Exploratory Data Analysis

In this project I walk through the process I typically take when exploring a new data set using Python.

Prerequisites

  • Python & Basic Knowledge of Python Syntax
  • Jupyter Notebook/Google Collab/Replit/Kaggle etc.
  • Data Manipulation: Pandas
  • Data Visualization: Matplotlib, Seaborn
  • Raw dataset

Problem solving 101

Before performing analysis on any data set, it’s important to understand several key parameters of the problem and end goal in mind:

  • Understand the problem: Arguing with the data, and asking better questions to get better answers
  • Objectives: What we intend to do/understand and why?
  • Strategies/Tactics – What levers can we control from observations and insights of the data to eventuate our intended outcome

    We can do this with tools such as a 5C Analysis, Design Thinking, Mapping out SMART goals or any range of problem solving philosophies and methodologies, as if we fail to plan then we plan to fail.

Questioning the Data

  • What is the overall sales trend?
  • Top 10 products by sales?
  • Preferred mode of shipping/Delivery?
  • What are the most profitable categories and sub-categories?
  • What is the sentiment of our products by user reviews for continuous improvement?

The Data Set

In this project we’re going to use a freely available data set that may look like sales data stored in a typical ERP/CRM System.

Importing Libraries & Data

In Jupyter Notebook we can import the pandas library for data manipulation, matplotlib and seaborn for visualisation

The first things I try to understand about the raw dataset is the shape of the Dataframe (how many Rows x Columns), head and tail (first and last 5-10 rows of data), dtypes, info and describe functions to get an idea of the data types, information and statistics about the numeric data in our dataset before diving too deep into it.

  • df.shape
  • df.head() / df.tail(10)
  • df.columns
  • df.dtypes
  • df.info()
  • df.describe()
  • df.isnull().sum() -> checks for missing values in dataset for data cleaning

Understanding the Sales Trend

To understand the trend, firstly we’ll take a look at the upper and lower bound constraints for the dates of the dataset, then group by month & year in ascending order as this is quite a large dataset. This can be achieved by storing a the data in a variable and applying a lambda function, which is a small and restricted anonymous python function. We call the strftime method to represent the data and time returning a string value.

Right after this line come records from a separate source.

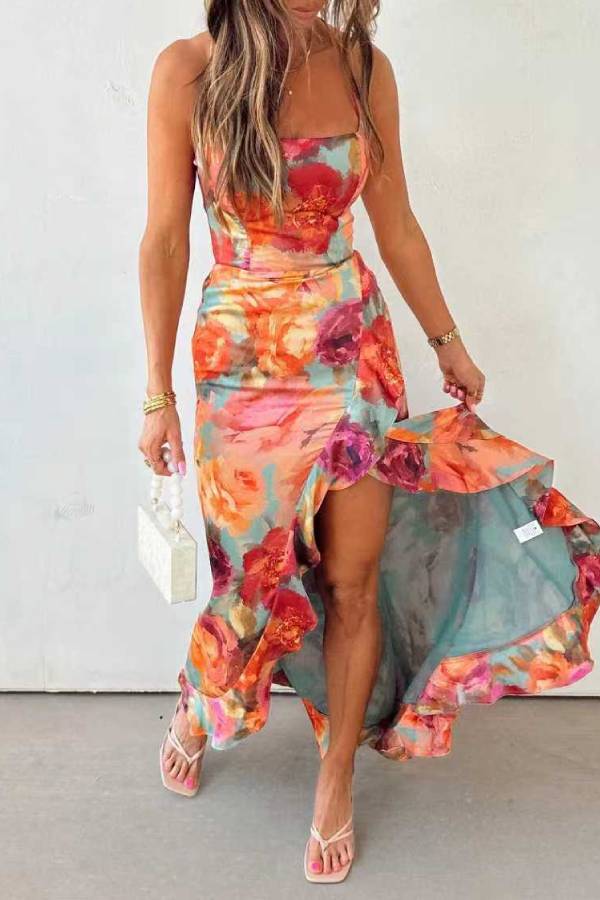 Women’s Floral Backless Maxi Dress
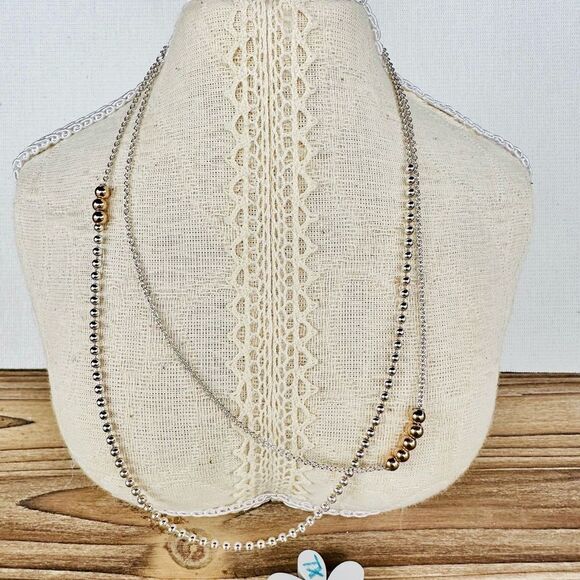 Tiffany & Co. Two Tone Mixed Bead Chain Silver Rose Gold 28-30” - Picture 1 of 6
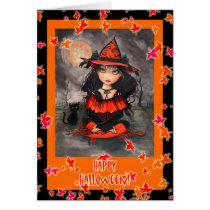 Halloween Card Witch Cat by Molly Harrison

We can use matplotlib to plot out a very basic visualization of the data to get a better picture and some insights of how the company is trending over time. Some immediate observations are during the first quarter of each year the sales are quite low, then pickup throughout the year which could be due to the Christmas/New Years shutdown period. Efforts in marketing, resourcing and promotional offerings could be used to gain some momentum earlier in the year.

Wrapping up

Using Python & Pandas allows us to quickly and easily manipulate data sets, ask questions to the data and find real value add insights buried within thousands of rows of information. Graphically representing our information provide us an accessible way to find trends, outliers and patterns in our data.

As humans, our eyes are drawn to identify colours and patterns whereas AI and Machine Learning can much more easily interpret large raw datasets. When we see our data in a visual form, we can understand it quickly – story telling, with a purpose. From there we can extract reports, observations and actionable insights to leverage our data to make better, informed decisions.